Une politique environnementale en mode mineur

Le fait que la politique environnementale se fera en mode mineur les prochaines années n’est pas vraiment une surprise. La guerre en Ukraine, la crise énergétique et l’inflation ont bousculé l’agenda européen, détournant l’attention de la lutte contre le changement climatique. Et puis les objectifs majeurs, tels que la neutralité climatique d’ici 2050, ont déjà été fixés par la loi. La principale préoccupation sur ce sujet est désormais de la mettre en œuvre et de maintenir le cap. Alors qu’en ce qui concerne la politique de défense, la politique migratoire ou encore la politique industrielle tout reste à faire ou presque.

A ce constat s’ajoute la montée de partis politiques d’extrême droite dans de nombreux États membres. Or ce sont souvent des partis nettement moins enclins à soutenir des mesures climatiques. Ainsi, fin juin, les Premiers ministres de l’Autriche, la Croatie, la Suède et l’Irlande, tous membres du Parti populaire européen, ont déclaré qu’on ne pouvait ajouté aucune nouvelle mesure du Green Deal ne pourrait être ajoutée.

Tout cela fait que les nouvelles mesures climatiques font l’objet d’une opposition de moins en moins voilée parmi de toujours plus nombreux dirigeants politiques. Ainsi la présidente de la Commission européenne, Ursula von der Leyen, qui a toujours milité en faveur du Green Deal européen, semble aujourd’hui freiner un peu le mouvement. Dans son récent discours sur l’état de l’Union, elle a surtout parlé de la compétitivité de l’Europe. Même en Belgique. Alexander De Croo a lui aussi appelé à une “pause réglementaire” pour éviter que les entreprises ne quittent l’UE.

Un texte alarmant selon Greenpeace

Ce qui ressemble à s’y méprendre à un rétropédalage et voir le climat ainsi relégué au second plan inquiète les organisations environnementales. Car après un été ou le changement climatique s’est manifesté de façon très concrète, nul doute que des mesures drastiques sont nécessaires pour lutter contre le réchauffement planétaire.

Si de nombreuses lois européennes ont déjà été mises en place dans le cadre du Green Deal européen et qu’il n’est nullement question de supprimer les objectifs climatiques déjà établi, nombreux sont ceux qui craignent que la réduction de l’attention accordée au climat n’entraîne des retards dans la mise en œuvre de ces lois. Or pour que ces objectifs ambitieux soient atteints, il est essentiel de maintenir le cap. Tout retard pourrait en effet avoir des conséquences graves pour l’avenir de la planète.

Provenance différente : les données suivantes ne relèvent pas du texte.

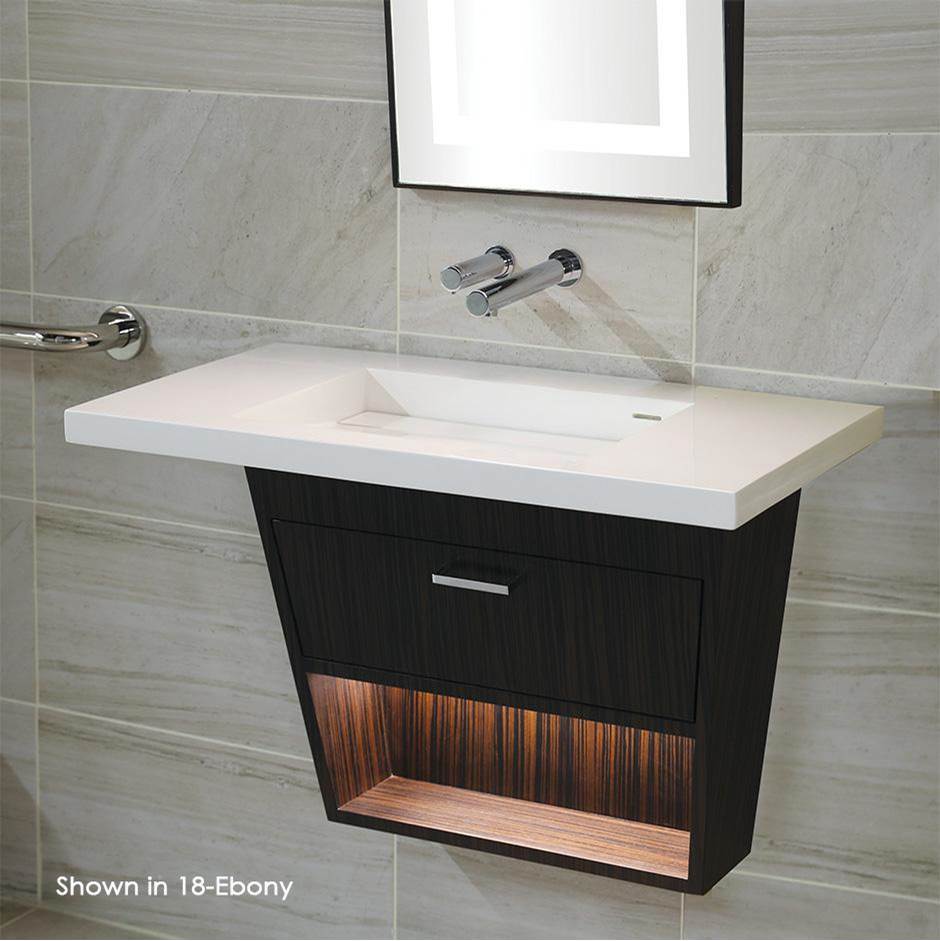 Lacava Wall mount under counter vanity with open cubby fill open door, LED lights, and polished chrome pull.
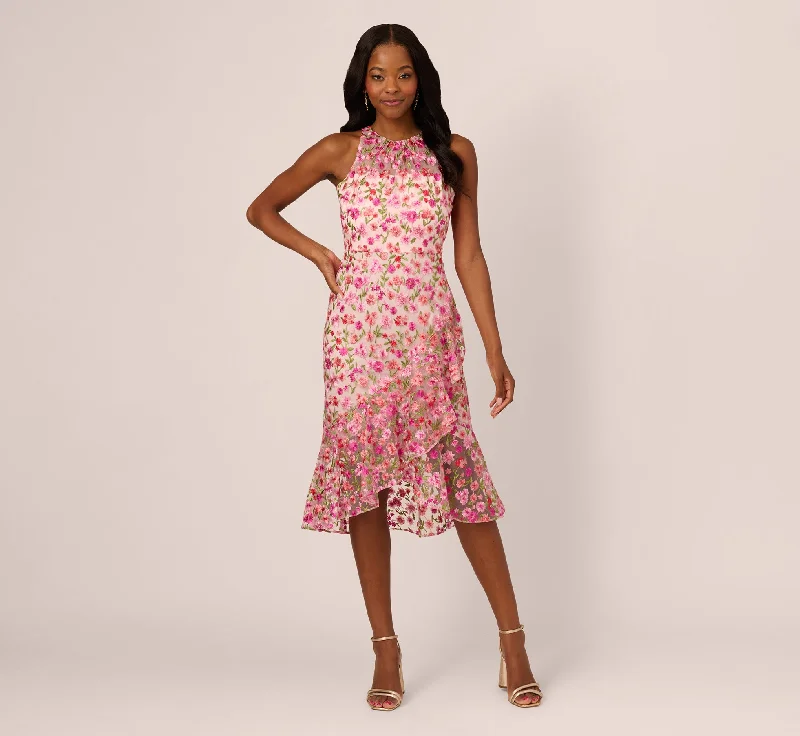Wedding guest dresses with a flowy silhouette for comfort -Floral Embroidered Flounce Halter Dress In Pink Multi Wedding guest dresses with a flowy silhouette for comfort -Floral Embroidered Flounce Halter Dress In Pink Multi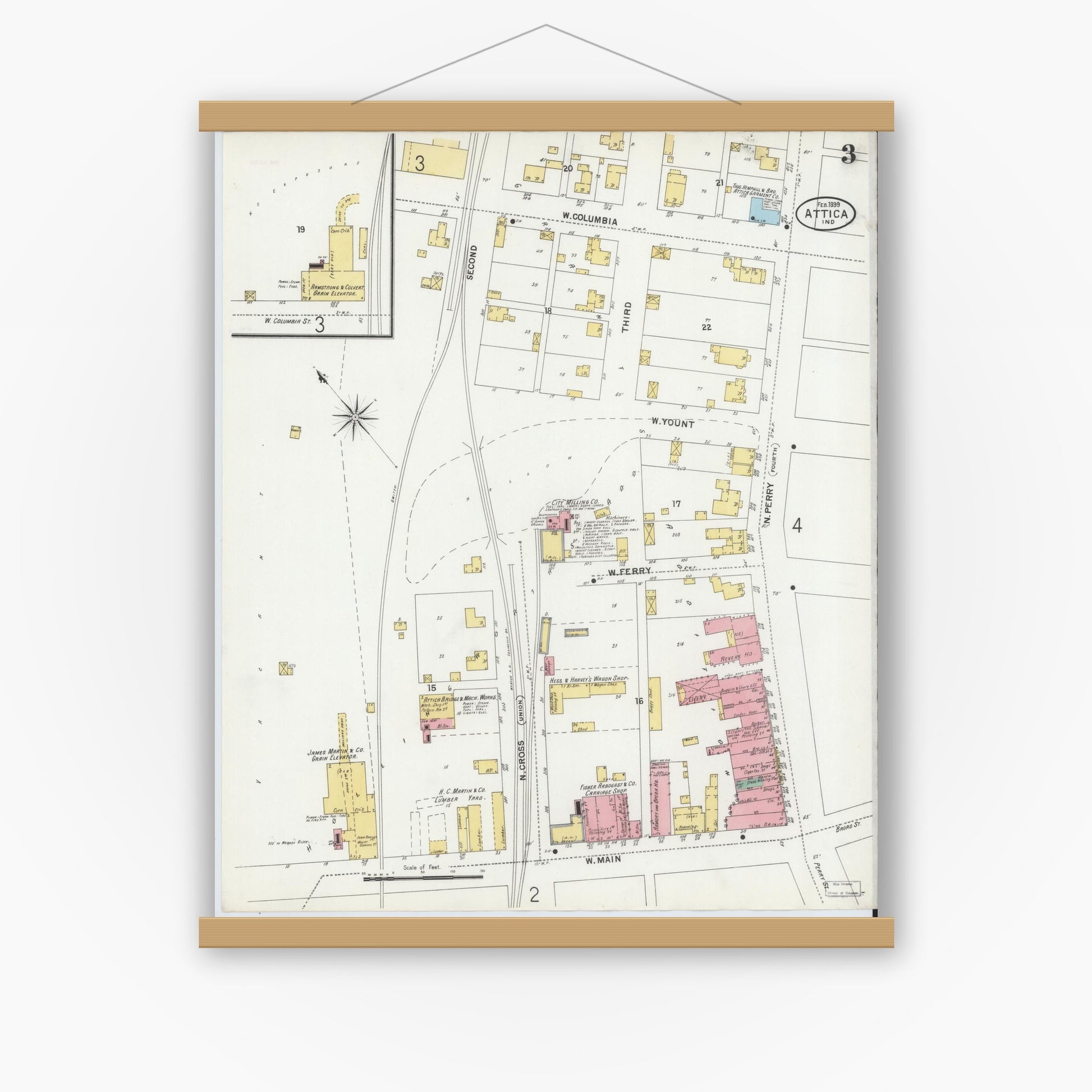 Old map wall art mockup — magnetic wood frame on white wall — Sanborn Fire Insurance Map from Attica, Fountain County, Indiana (1899), Sheet #0003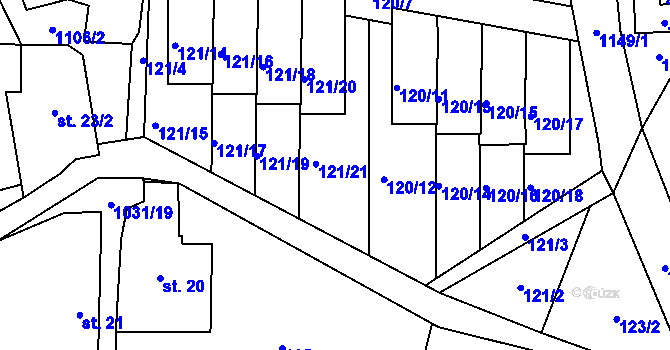 Parcela st. 121/1 v KÚ Kořenec, Katastrální mapa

L’organisation Greenpeace est ainsi très critique envers le projet de texte et le qualifie d’”alarmant”. Toujours selon l’organisation ce manque d’ambition climatique pourrait faire perdre à l’Europe son leadership dans la lutte contre le changement climatique.

Pour ces derniers, plutôt que de tempérer, il faut au contraire maintenir l’urgence et même accélérer la tendance. Car on le voit encore avec ce projet de loi, en matière de climat, l’attention et l’engagement politique peuvent rapidement fluctuer. Rappelons tout de même qu’il ne s’agit là que d’un projet de loi et qu’il est donc encore susceptible d’être modifié.